* Work required *
Extract, exactly and without pictures, every line from the one that includes "Trespass Mens Long" through the final line of the material below.

□ □ □ □ □

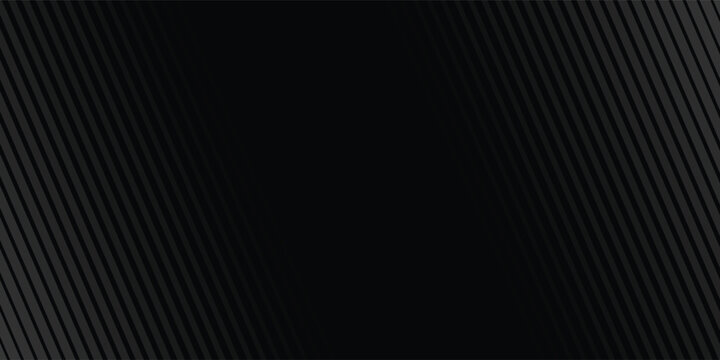 Abstract dark geometric background with dynamic diagonal stripes and fine lines. Modern elegant black backdrop featuring a soft central shadow gradient and sophisticated high-tech minimalist design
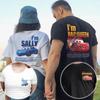 Summer Lightning Mcqueen And Sally T Shirt For Couples Mcqueen Sally T-shirts Double-sided Print Tee For Men Women Cotton Oversized Short Sleeve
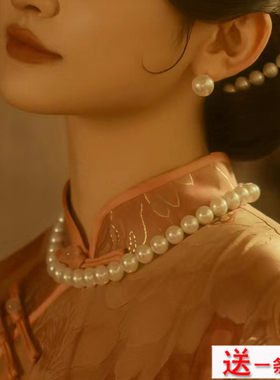 10mm大珍珠项链配旗袍配饰品项圈颈链女士锁骨链短款毛衣链子442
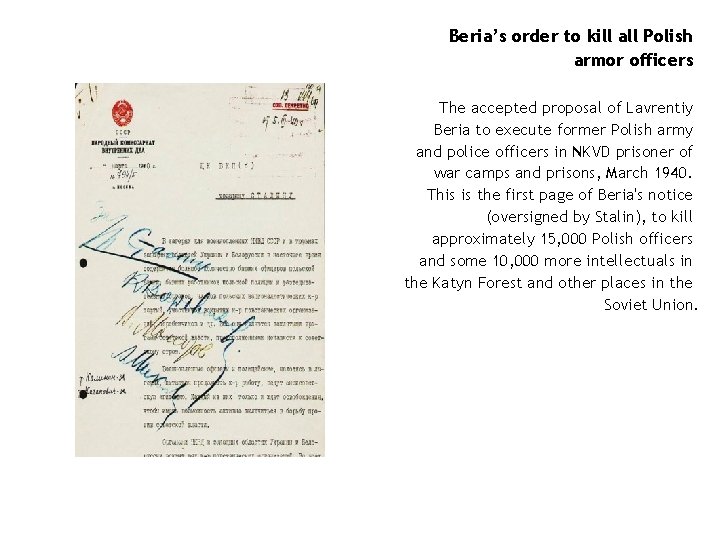 Beria’s order to kill all Polish armor officers The accepted proposal of Lavrentiy Beria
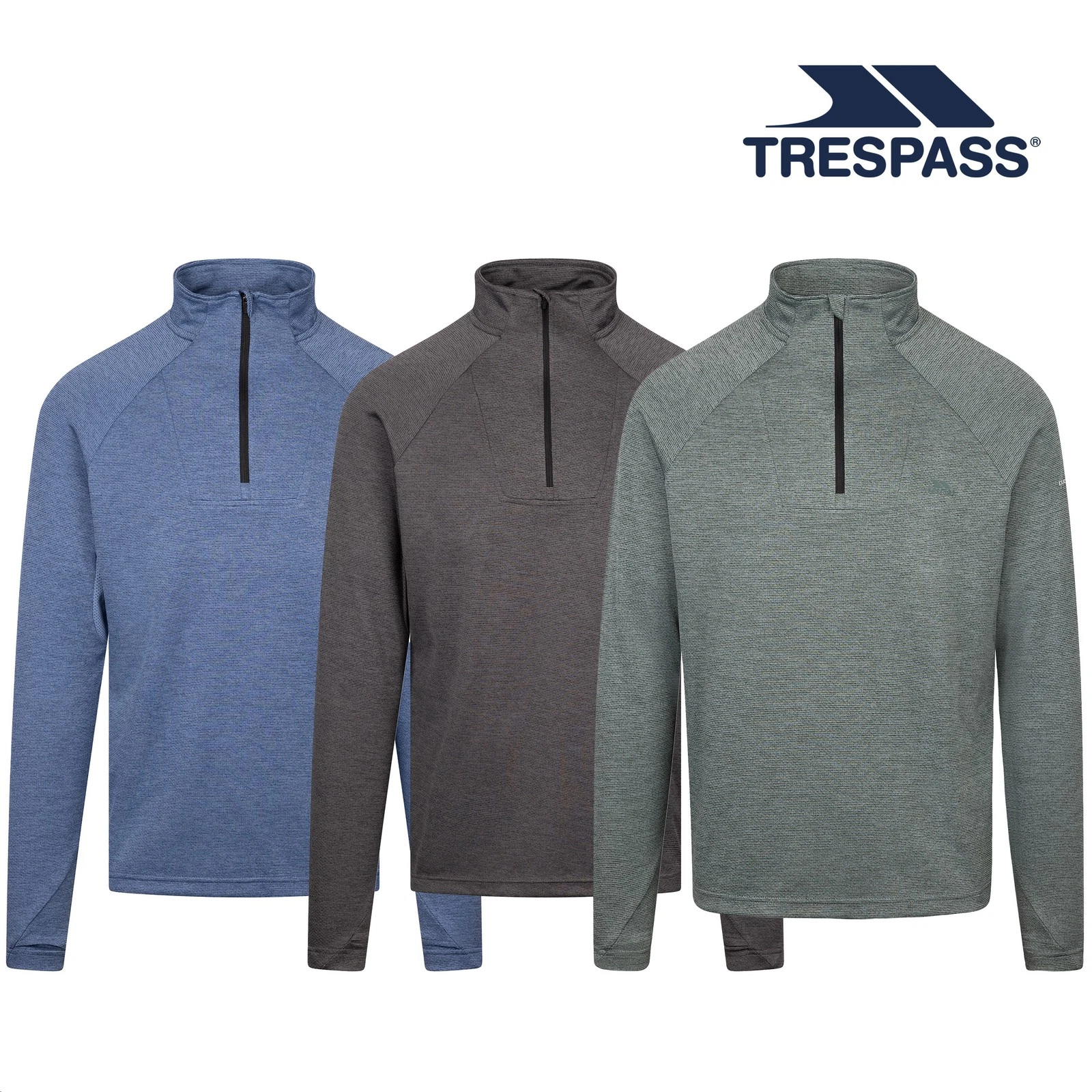 Trespass Mens Long Sleeve T-Shirt Valin - 1/4 Zip Top with Reflective Detail
Opens in a new window o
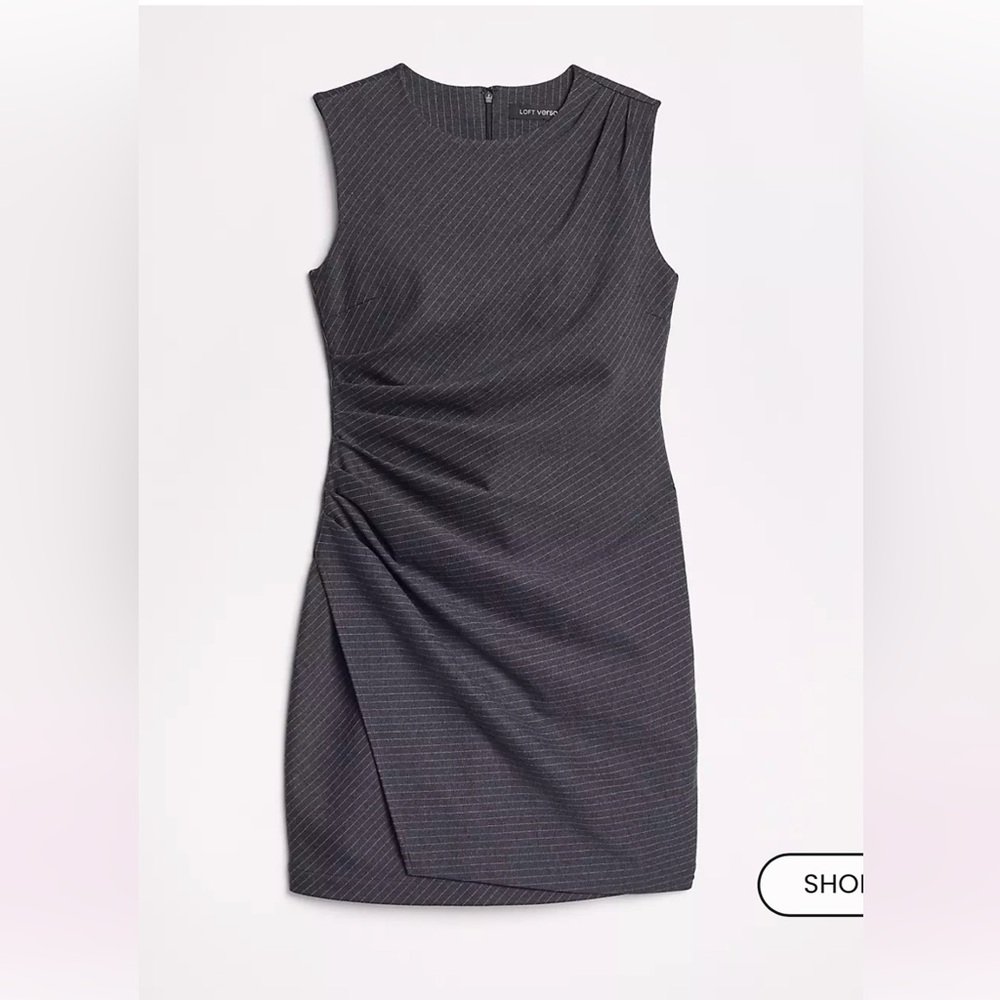 2 Petite LOFT Versa Ruched Ponte Mini Dress in Pinstripe - Picture 2 of 4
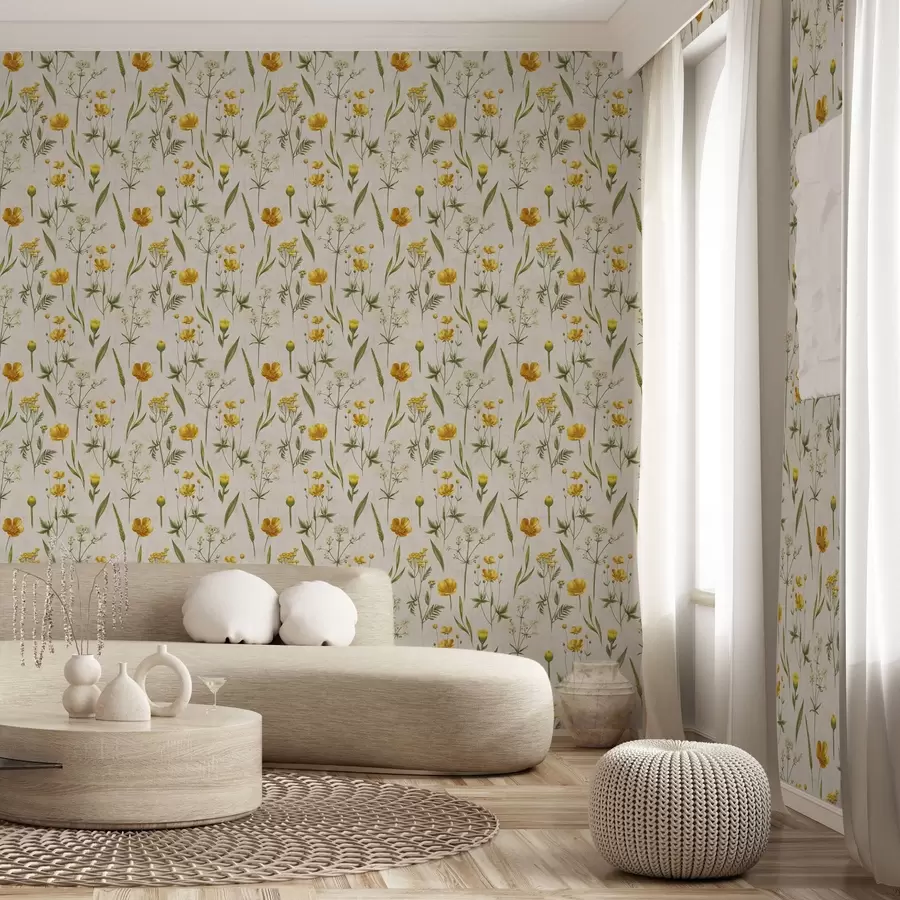 wall murals Yellow flowers and greenery on a beige background a00472v2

□ □ □ □ □

* Response to this task *
 Trespass Mens Long Sleeve T-Shirt Valin - 1/4 Zip Top with Reflective Detail
Opens in a new window o
 2 Petite LOFT Versa Ruched Ponte Mini Dress in Pinstripe - Picture 2 of 4
 wall murals Yellow flowers and greenery on a beige background a00472v2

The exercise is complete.